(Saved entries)
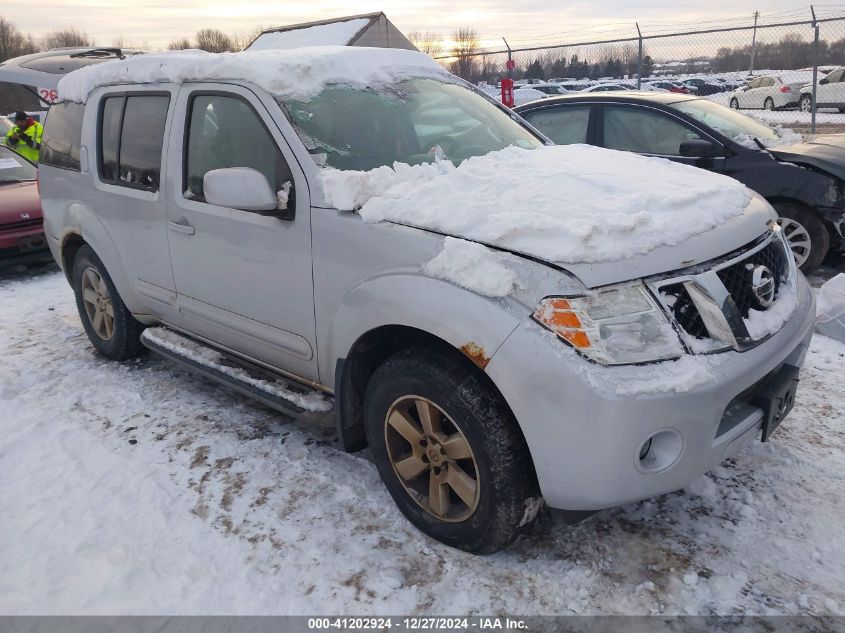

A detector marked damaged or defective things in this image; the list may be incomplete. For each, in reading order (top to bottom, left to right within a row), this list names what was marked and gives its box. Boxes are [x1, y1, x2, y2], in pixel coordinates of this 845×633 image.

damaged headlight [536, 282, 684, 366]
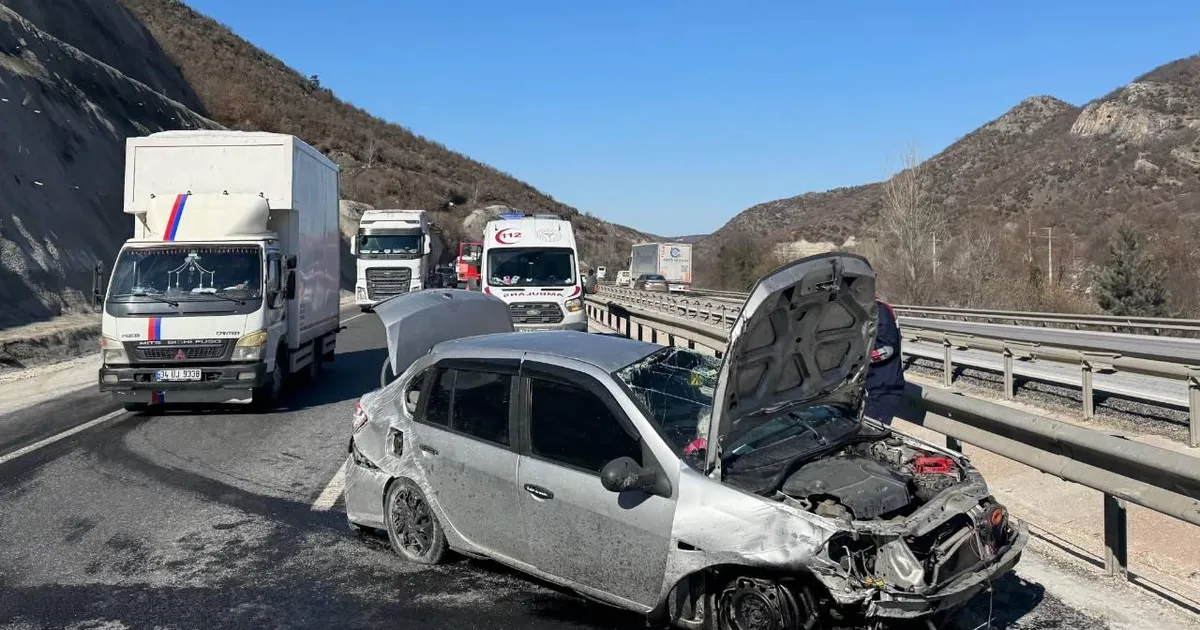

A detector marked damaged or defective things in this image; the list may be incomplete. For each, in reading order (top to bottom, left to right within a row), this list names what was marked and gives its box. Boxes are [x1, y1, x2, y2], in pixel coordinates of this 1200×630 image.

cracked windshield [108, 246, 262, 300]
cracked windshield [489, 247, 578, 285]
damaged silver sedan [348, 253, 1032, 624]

Exercise requirements:
Above are the records; copy every one of them exactly and omit the images.

Answer section:
A detector marked damaged or defective things in this image; the list may be incomplete. For each, in reading order (top to bottom, left to right within a row), this list names what was marked and gives its box. Boxes are [x1, y1, x2, y2], in pixel coordinates of this 845×633 image.

damaged headlight [536, 282, 684, 366]

A detector marked damaged or defective things in this image; the list may be incomplete. For each, in reading order (top to bottom, left to right within a row), this list names what was marked and gives its box. Boxes are [x1, y1, x2, y2], in pixel coordinates of this 1200×630 image.

cracked windshield [108, 246, 262, 300]
cracked windshield [489, 247, 578, 285]
damaged silver sedan [348, 253, 1032, 624]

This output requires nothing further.